By Samuel Scott, The Promotion Fix columnist

March 28, 2022 | 17 min read

Samuel Scott takes a look at the recent news that newspaper giant Gannett gave advertisers inaccurate information to advertisers on where their ads were running for nine months. He offers up advice to buyers wanting to protect themselves from similar problems.


/ Tima Miroshnichenko via Pexels

Everything online should be considered fake until proven otherwise. Case in point, the Wall Street Journal recently reported that newspaper publisher Gannett “provided inaccurate information to advertisers for nine months, misrepresenting where billions of ads were placed”. Some companies thought they had bought inventory on USA Today’s website but instead found their ads on other Gannett-owned local outlets. Lesser titles.

By now, the many trials and tribulations of letting machines determine ad placements through programmatic advertising are well known. But what was specifically worrisome this time was the fact that independent researchers – and neither Gannett nor a third-party auditor – seemingly discovered the mistake first.

Gannett put it down to “a caching error” and said it "sincerely regrets inadvertently passing along the incorrect data parameter."

The true lesson of Gannet’s advertising debacle is that marketers today need to reconsider everything that we see online – especially when comparatively little in digital advertising today is audited and verified compared to the traditional media world.

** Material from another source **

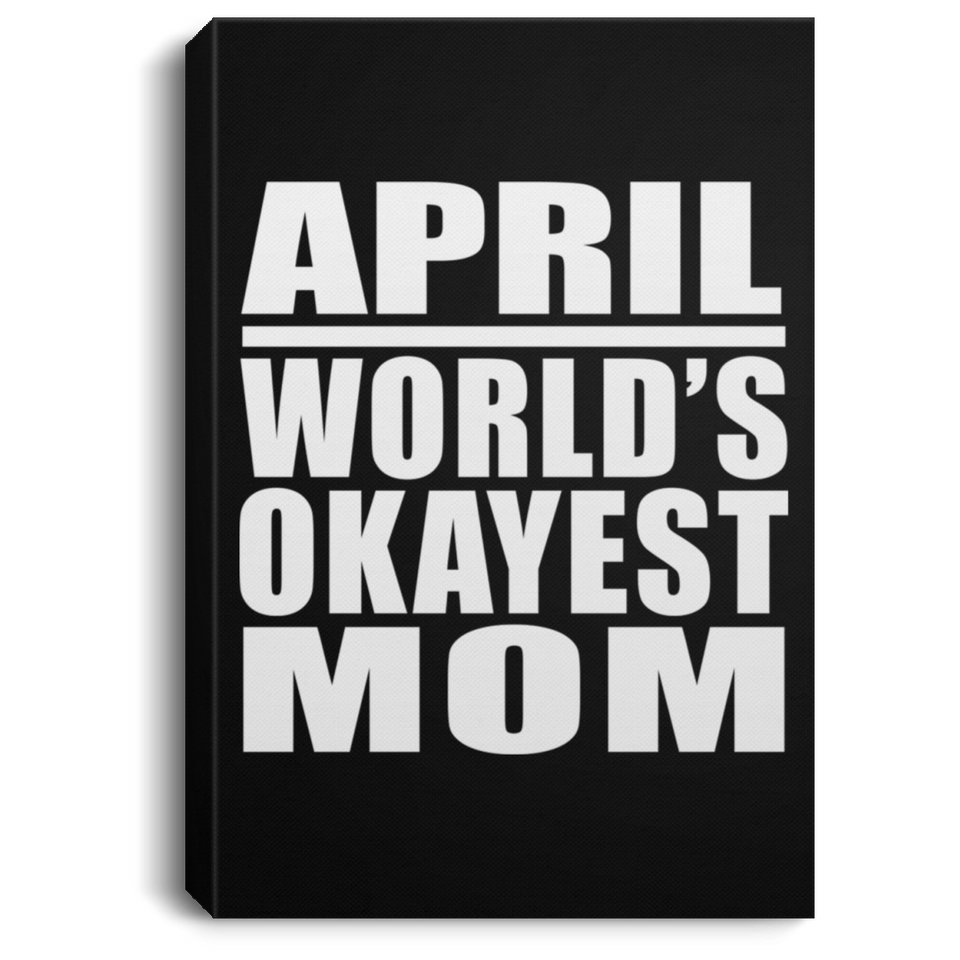April World's Okayest Mom - Canvas Portrait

In this column, I will give examples that the industry should submit to Google, Facebook, Amazon, YouTube and every adtech platform in general moving forward.

How audience reach audits used to work

For marketers of a certain age who might have never read a print newspaper or magazine, here is a summary of how things worked in the past. Let’s take a quick trip down media memory lane.

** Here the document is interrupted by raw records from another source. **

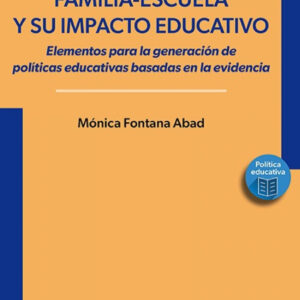 La alianza familia-escuela y su impacto educativo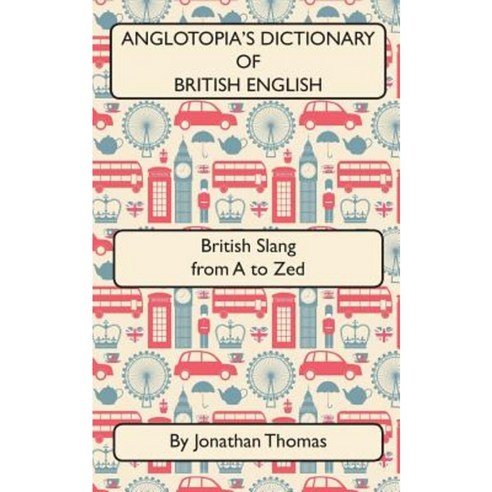 Anglotopia''s Dictionary of British English 2nd Edition: British Slang from A to Zed Paperback, Createspace Independent Publishing Platform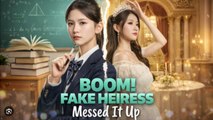 Boom Fake Heiress Messed It Up Drama Movies English Sub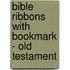 Bible Ribbons with Bookmark - Old Testament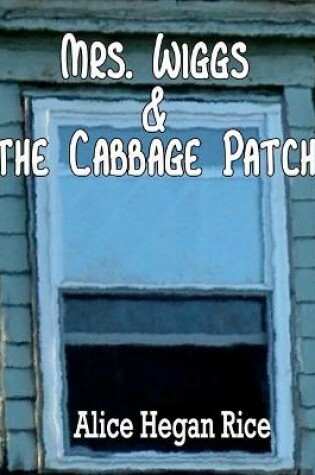 Cover of Mrs. Wiggs and the Cabbage Patch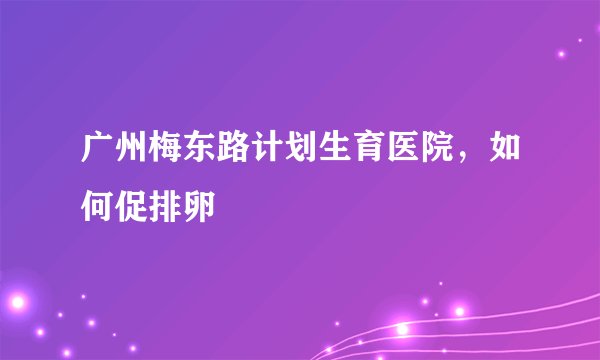 广州梅东路计划生育医院，如何促排卵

Take a newspaper. Let’s call it The Times. It looks at its internal numbers and sees that 1 million people read the paper every day. Of course, it wants to charge appropriate advertising rates. But potential advertisers want proof of that circulation number, so The Times talks to an auditing firm. Let’s call it ABC Media Audits.

The Times gives circulation information and other company records to ABC. Then, ABC reviews the material and asks The Times for any needed clarifications. If everything passes muster, then ABC certifies that 1 million people indeed buy The Times and lists that result for review by media planners. This audit process occurs at regular intervals, such as every six months or one year.

In such an environment, everyone wins. The Times builds its reputation as a credible and influential media outlet, advertisers are assured that their spend is on a newspaper that is indeed read by 1 million people every day and ABC remains a trusted, impartial authority.

But that world is rapidly disappearing.

Who are the media gatekeepers today?

Gannett undoubtedly has large product and quality assurance teams in some form or another. But who discovered the major nine-month problem? Two independent researchers.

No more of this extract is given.